Sedrick Huckaby

Round 54: Southern Survey Biennial

Project Row Houses
October 8, 2022 – February 12, 2023

Round 54: Southern Survey Biennial is a project celebrating the historical and contemporary significance of southern artists, curated by Valerie Cassel Oliver. Read her exhibition statement below.

 

Sedrick Huckaby, Round 54: Southern Survey Biennial, 2022-23, Installation view, Project Row Houses, Houston, Texas

Since its founding in 1993, Project Row Houses has realized great success in celebrating the vitality of its artistic communities. Those communities have encompassed a range of artists from established icons in the field to the under-recognized and newly emerging. For nearly 30 years, PRH has served as a nexus for artistic innovation, advocacy, and experimentation that informed and incorporated local voices with those from around the globe. The intentionality behind this social experiment has reverberated across the United States and beyond as other various projects have established similar programs designed to integrate national and global practices and dialogues into the very fabric of local communities with the capacity for reciprocal exchange. The resonance of Project Row Houses continues to inform and inspire. 

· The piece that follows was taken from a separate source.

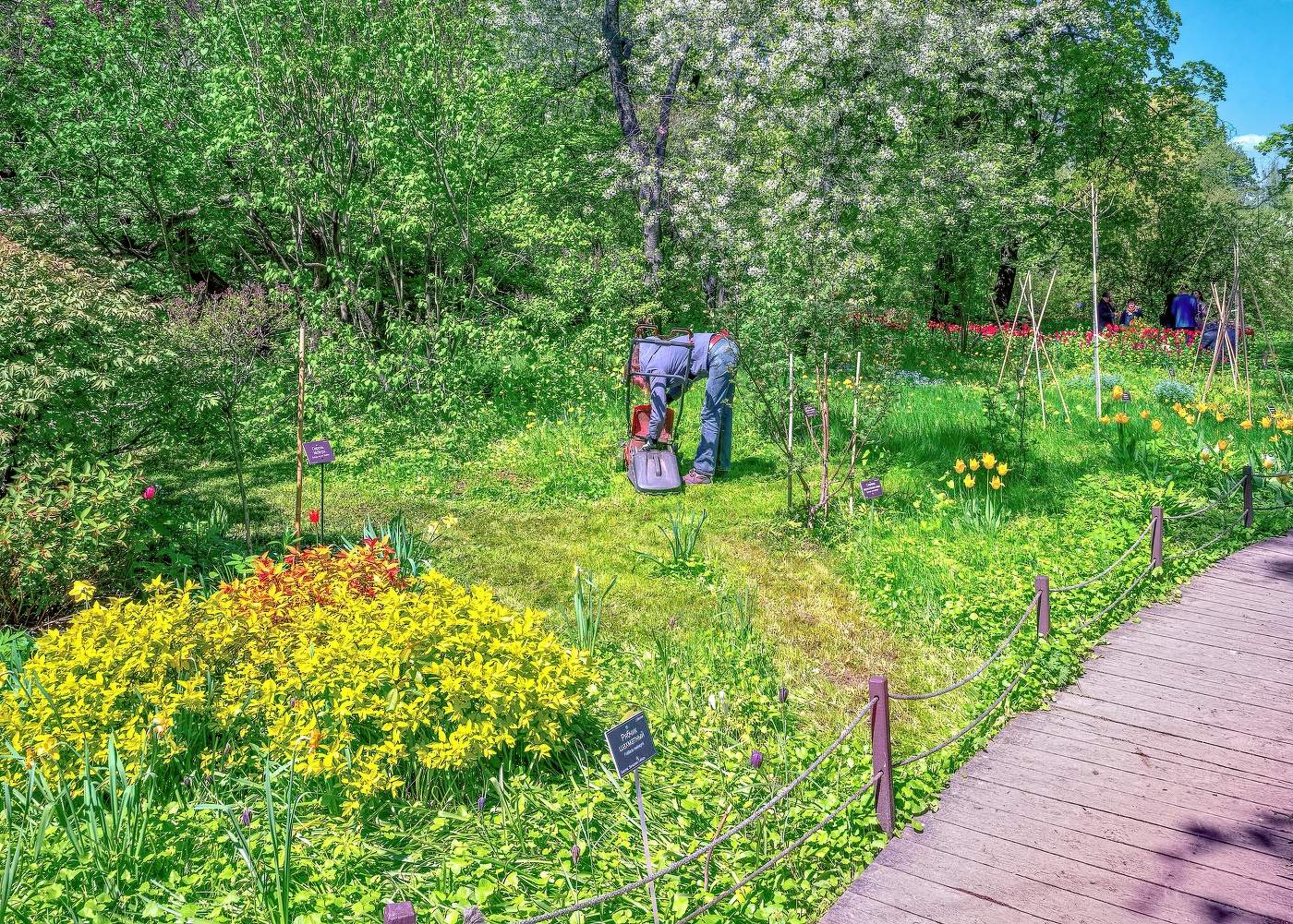 В Аптекарском огороде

On the eve of a new decade this venerable organization is now looking inward. And it is perhaps within the spirit of self-reflection that Round 54: Southern Survey Biennial has emerged as its newest endeavor. I am honored to serve as the inaugural juror for what I hope will become a vital platform for artists working within the southern region that is now being acknowledged for its historical and contemporary significance. Round 54: Southern Survey Biennial is designed to celebrate the creative vitality of artists working in the Southern States defined as Texas, Louisiana, Arkansas, Mississippi, Alabama, Tennessee, Kentucky, Virginia, West Virginia, North Carolina, South Carolina, Georgia, and Florida.  

– Valerie Cassel Oliver

Read more here.

 

Sedrick Huckaby’s paintings, drawings, and sculpture metaphorically express universal themes of faith, family, community, and heritage. Huckaby focuses on the subjects of quilts and portraits in his quest to glorify everyday people.  Huckaby states, “I believe my paintings are done in a language more closely in tune with my soul than the language of my tongue.” Huckaby is known for his monumental scale of painting, with his largest painting thus far being his 80 foot long, four-part painting, A Love Supreme, painted over a period of eight years, for which Huckaby was awarded a Guggenheim Fellowship. Huckaby is also the recipient of an American Academy of Arts and Letters Award, an honorable mention award winner in the 2016 Outwin Boochever Portrait Competition and a 2019 finalist. Additionally, he is the recipient of a Joan Mitchell foundation grant, Elizabeth Greenshield Award, and was the Texas State Artist for 2018. After earning a BFA at Boston University in 1997, and an MFA from Yale University in 1999, he participated in the Provencetown Fine Arts Work Center residency and traveled the U.S. and Europe studying old master paintings. When he returned to the U.S. Huckaby settled into his hometown of Fort Worth, Texas, where he was born in 1975. Since returning home, he has been invited to participate in a number of residencies and fellowships including a Davison Family Fellowship from the Amon Carter Museum of American Art, the Elaine De Kooning House Residency and the Art for Change Residency in New Delhi, India. Huckaby’s work has entered the permanent collections of numerous museums and institutions including the American Embassy in Namibia; Amon Carter Museum of American Art; Art Institute of Chicago; Harvard Art Museums, Cambridge, CT; Minneapolis Institute of Arts; Museum of Fine Arts, Boston; Yale University Art Gallery, New Haven, CT; San Francisco Museum of Modern Art; and the Whitney Museum of American Art. He is married to artist Letitia Huckaby and is the father of three children, Rising Sun, Halle Lujah and Rhema Rain Huckaby. He holds the position of Associate Professor at The University of Texas at Arlington.